Top of AVAILABLE DATA

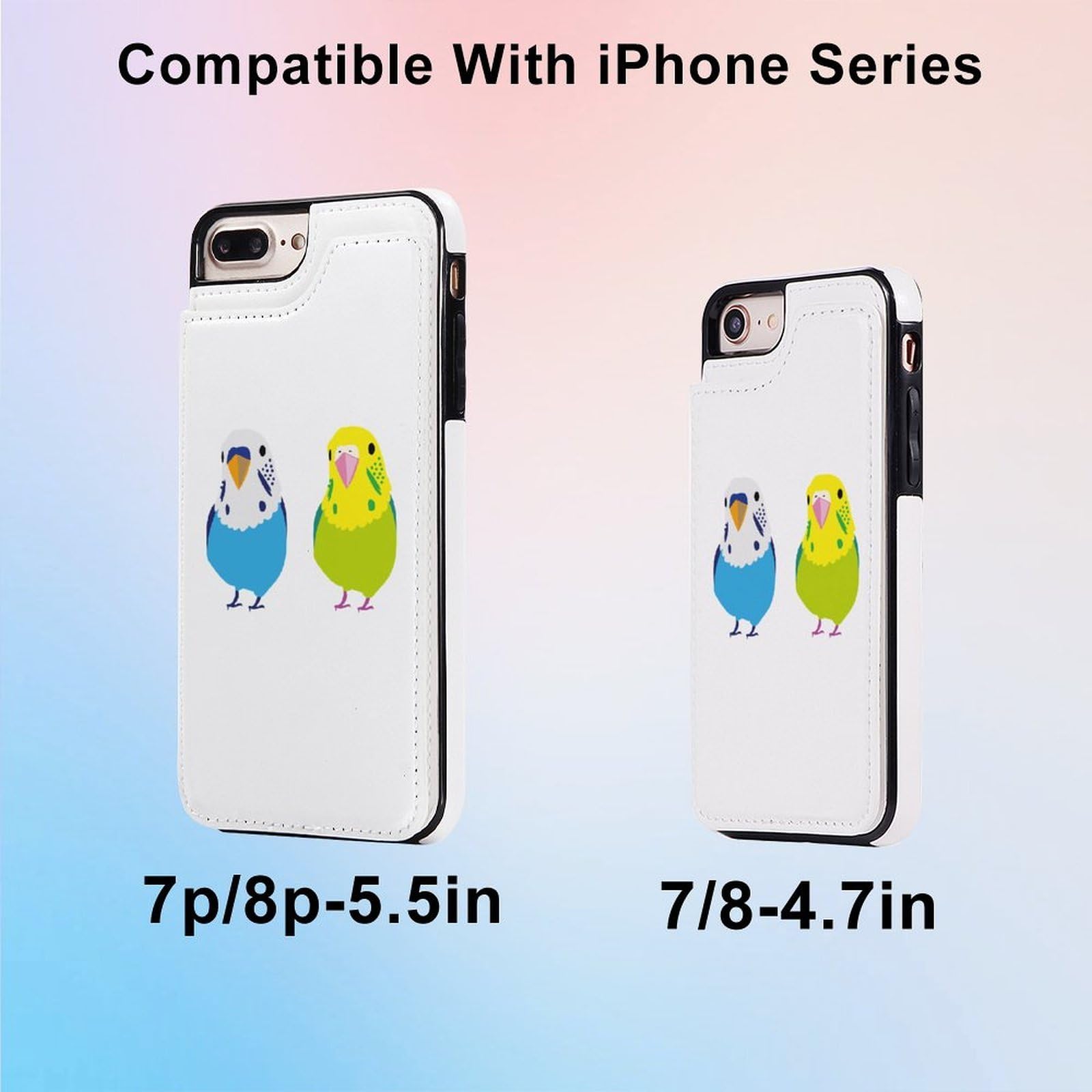 Amazon.co.jp: iPhoneSE3/SE2/8/7用ケース 手帳型 セキセイインコ 二匹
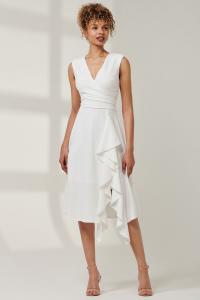 Платье миди с оборками Qiana Jolie Moi, белый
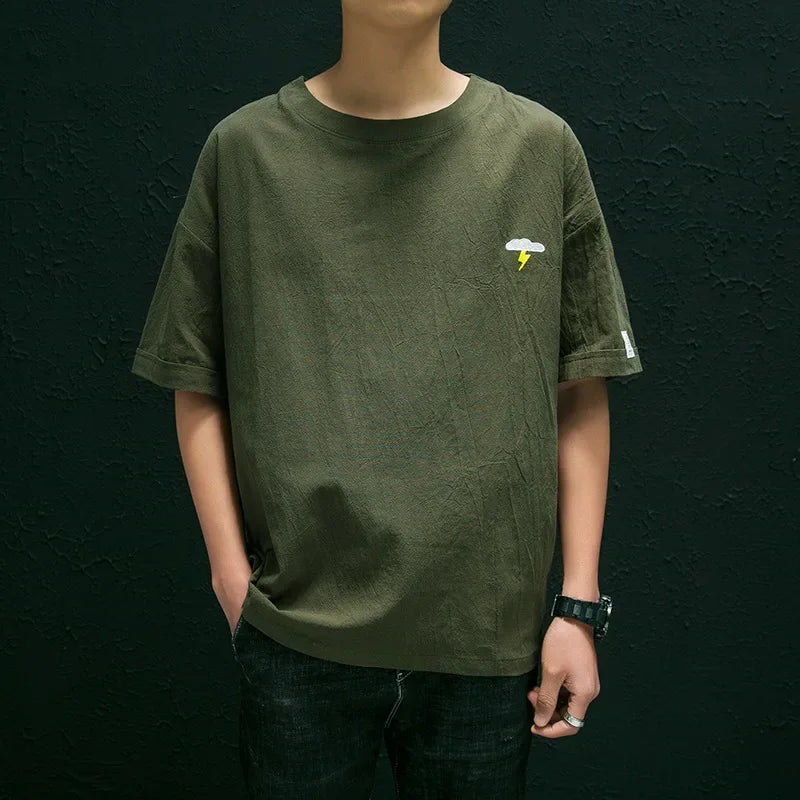 Men's Cotton Linen Short Sleeve T-shirt Loose Fit Casual Round Neck Design Chinese Style Embroidery Summer Fashion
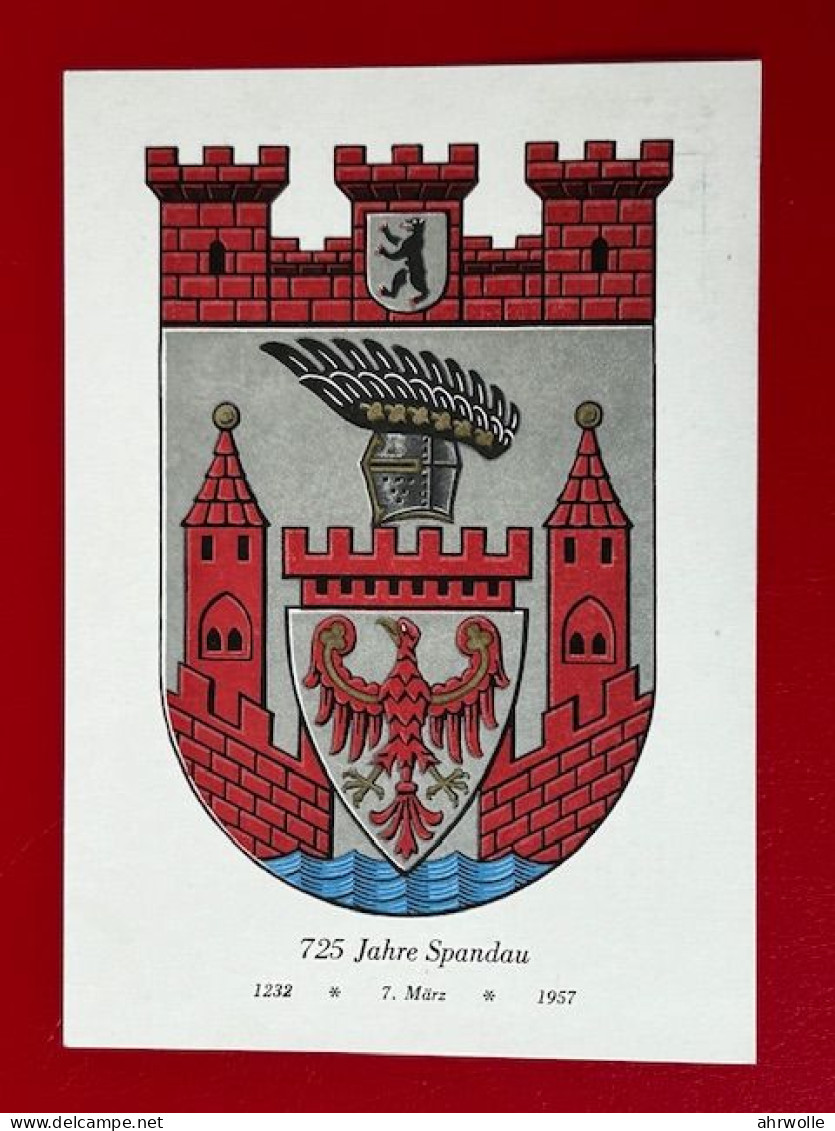 AK Spandau Berlin Wappen 725 Jahre Spandau 1957 Mit Sonderstempel Stadtrechte Spandau - Spandau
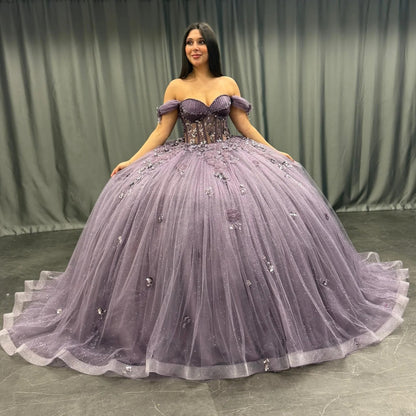 HE167 - Hermoso vestido de quinceañera con hombros descubiertos, vestido de baile de tul con encaje y cuentas, vestido de princesa para fiesta de cumpleaños y graduación para dulces 16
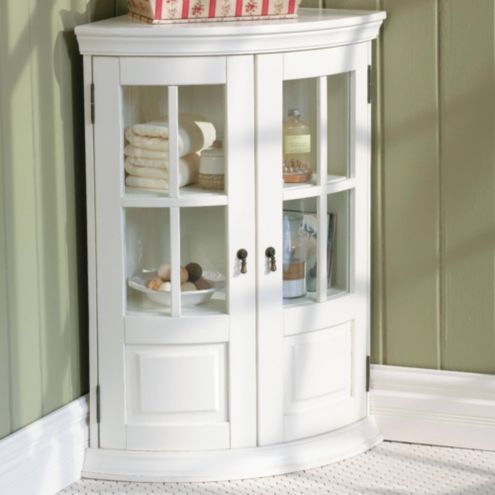 Half Chilton Curved Corner Cabinet Two Raised Panel French Doors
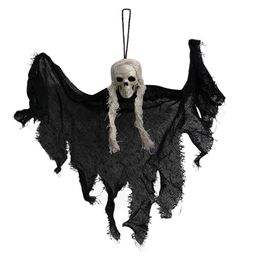 Decorative Objects Figurines Halloween Hanging Skull Ghost Haunted House Bar Horror Atmosphere Props Indoor Outdoor Pendants Ornament Party Decor 230818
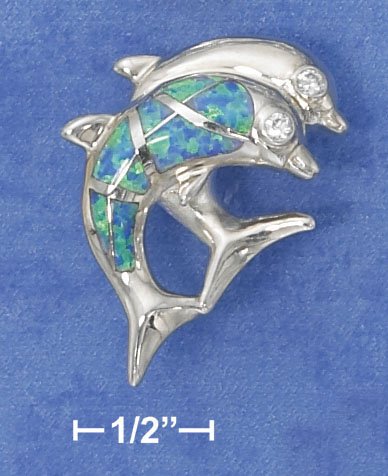 STERLING SILVER JUMPING DBL DOLPHINS W/ CZ EYES PENDANT 1 HP DOLPHIN - 1 LAB OPAL
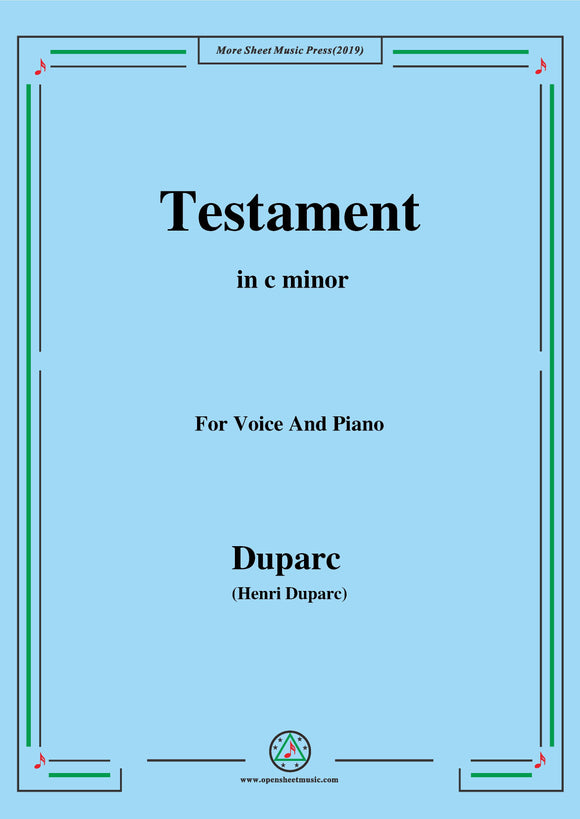 Duparc-Testament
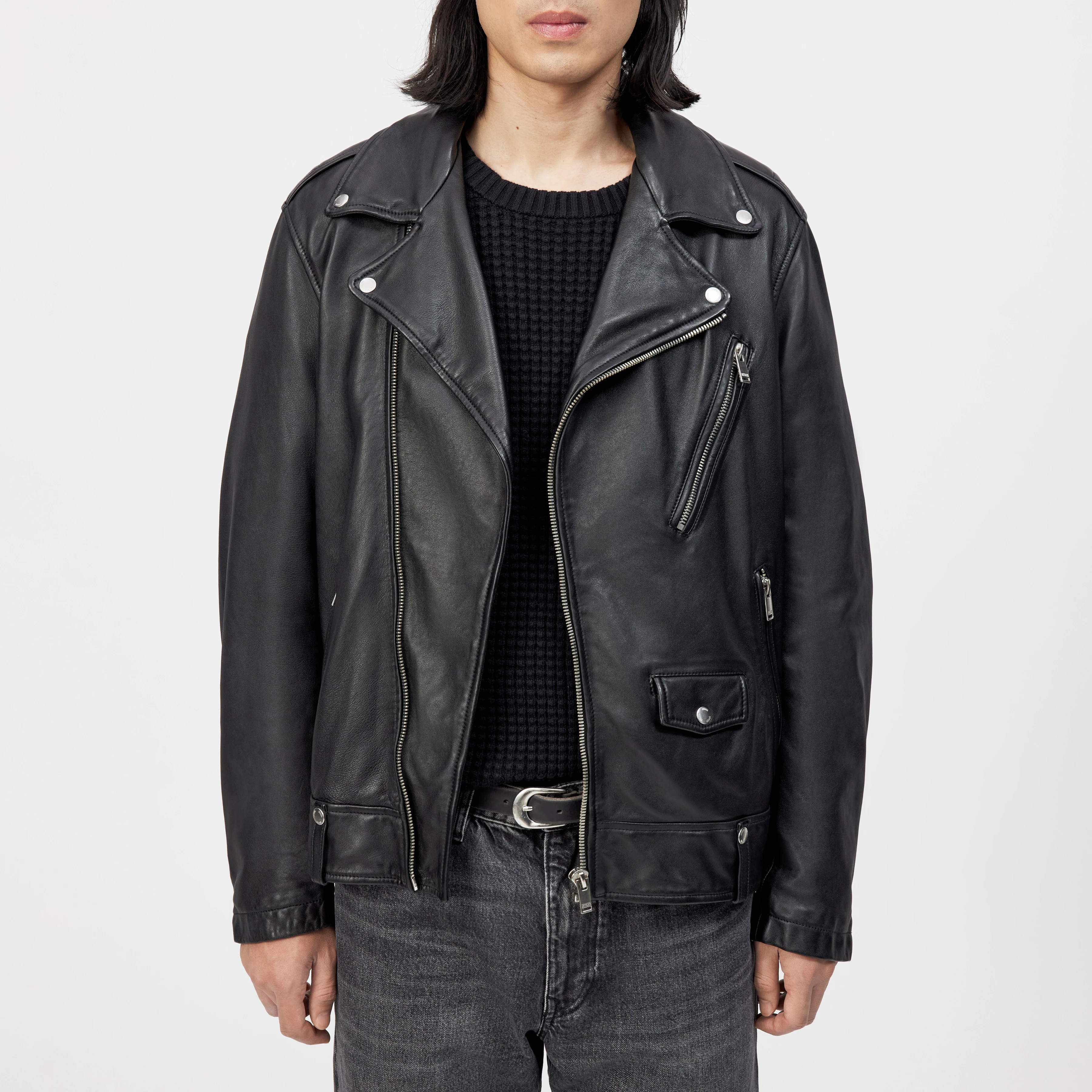 MIK - Classic biker jacket in leather - men - black - Frontansicht
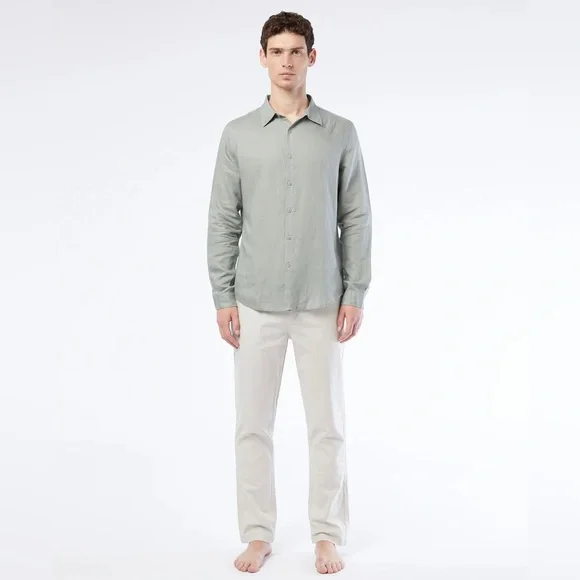 NWT ONIA Men's Stretch Linen Traveler Pant in Stone‎ Size 34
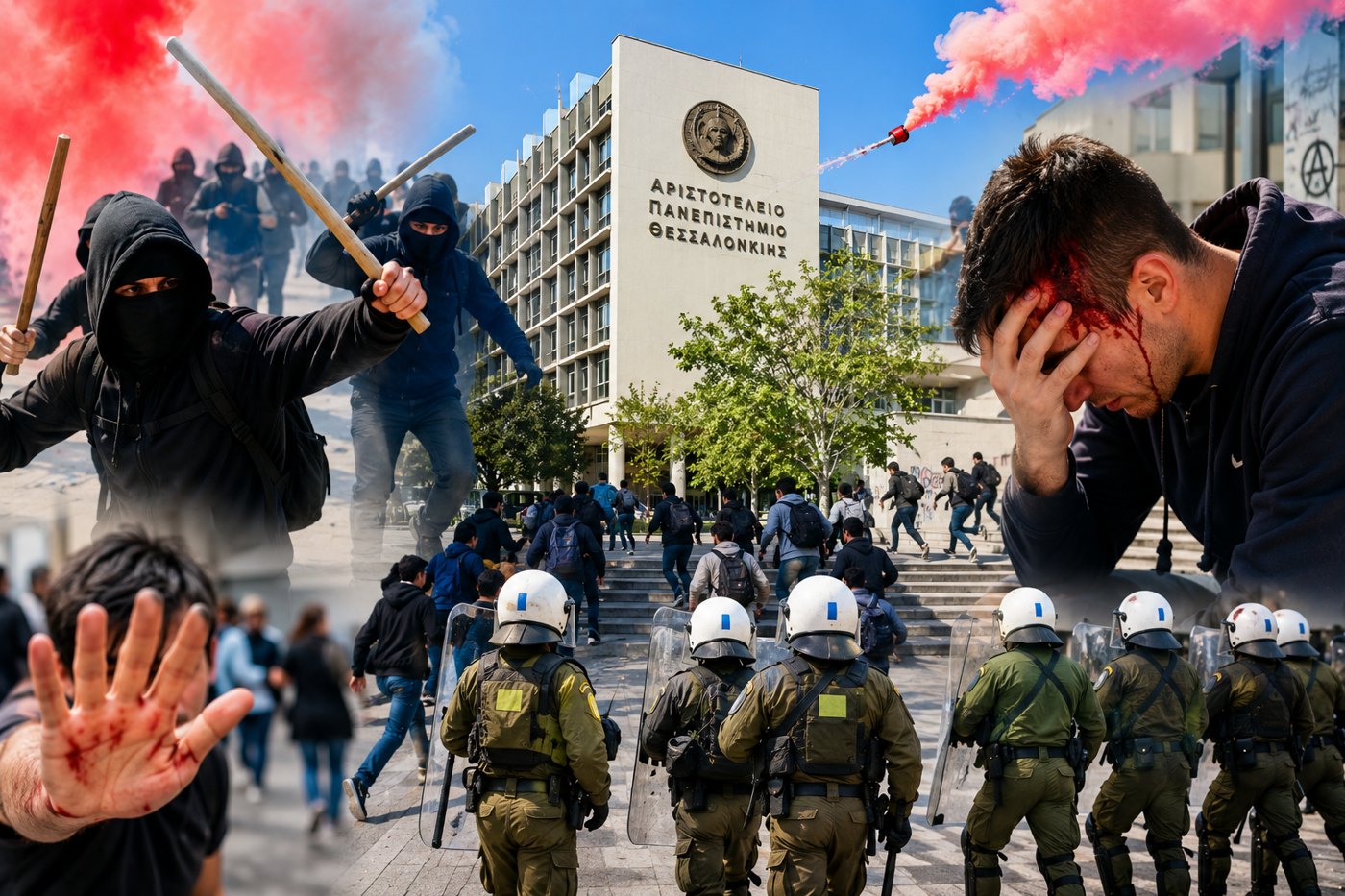 Χάος στο ΑΠΘ: Επίθεση με ρόπαλα και επτά τραυματίες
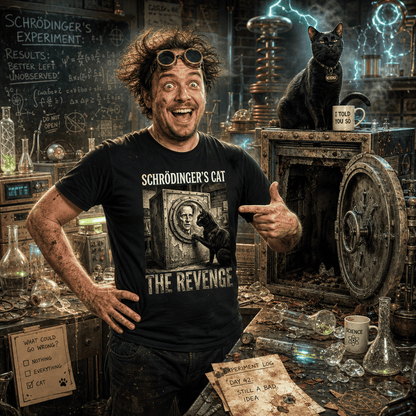 Verrückter Professor in Labor mit schwarzem Shirt und lustigen Schrödingers Katze Spruch.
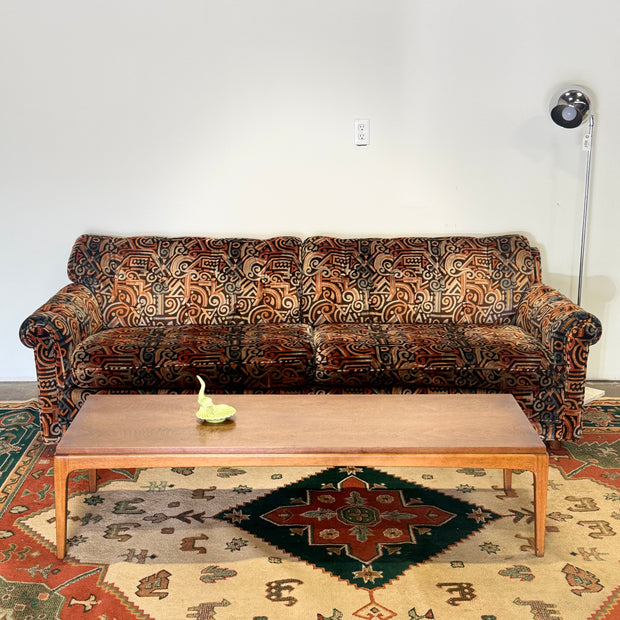1960s Midcentury Geometric Sofa — Original Aztec Velvet Upholstery
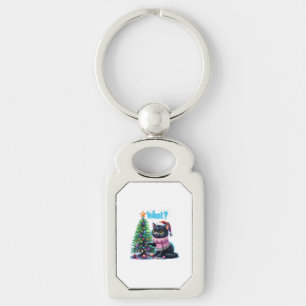 Porte-clés Chat de Noël amusant Avec Sticker Arbre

Bottom of AVAILABLE DATA

• _WHAT YOU HAVE TO DO_:
Every line of the data above is to be repeated exactly; the images are to be left out.

• _SOLUTION_:
 Amazon.co.jp: iPhoneSE3/SE2/8/7用ケース 手帳型 セキセイインコ 二匹
 Платье миди с оборками Qiana Jolie Moi, белый
 Men's Cotton Linen Short Sleeve T-shirt Loose Fit Casual Round Neck Design Chinese Style Embroidery Summer Fashion
 AK Spandau Berlin Wappen 725 Jahre Spandau 1957 Mit Sonderstempel Stadtrechte Spandau - Spandau
 HE167 - Hermoso vestido de quinceañera con hombros descubiertos, vestido de baile de tul con encaje y cuentas, vestido de princesa para fiesta de cumpleaños y graduación para dulces 16
 Half Chilton Curved Corner Cabinet Two Raised Panel French Doors
 Decorative Objects Figurines Halloween Hanging Skull Ghost Haunted House Bar Horror Atmosphere Props Indoor Outdoor Pendants Ornament Party Decor 230818
 STERLING SILVER JUMPING DBL DOLPHINS W/ CZ EYES PENDANT 1 HP DOLPHIN - 1 LAB OPAL
 Duparc-Testament
 MIK - Classic biker jacket in leather - men - black - Frontansicht
 NWT ONIA Men's Stretch Linen Traveler Pant in Stone‎ Size 34
 Χάος στο ΑΠΘ: Επίθεση με ρόπαλα και επτά τραυματίες
 Verrückter Professor in Labor mit schwarzem Shirt und lustigen Schrödingers Katze Spruch.
1960s Midcentury Geometric Sofa — Original Aztec Velvet Upholstery
 Porte-clés Chat de Noël amusant Avec Sticker Arbre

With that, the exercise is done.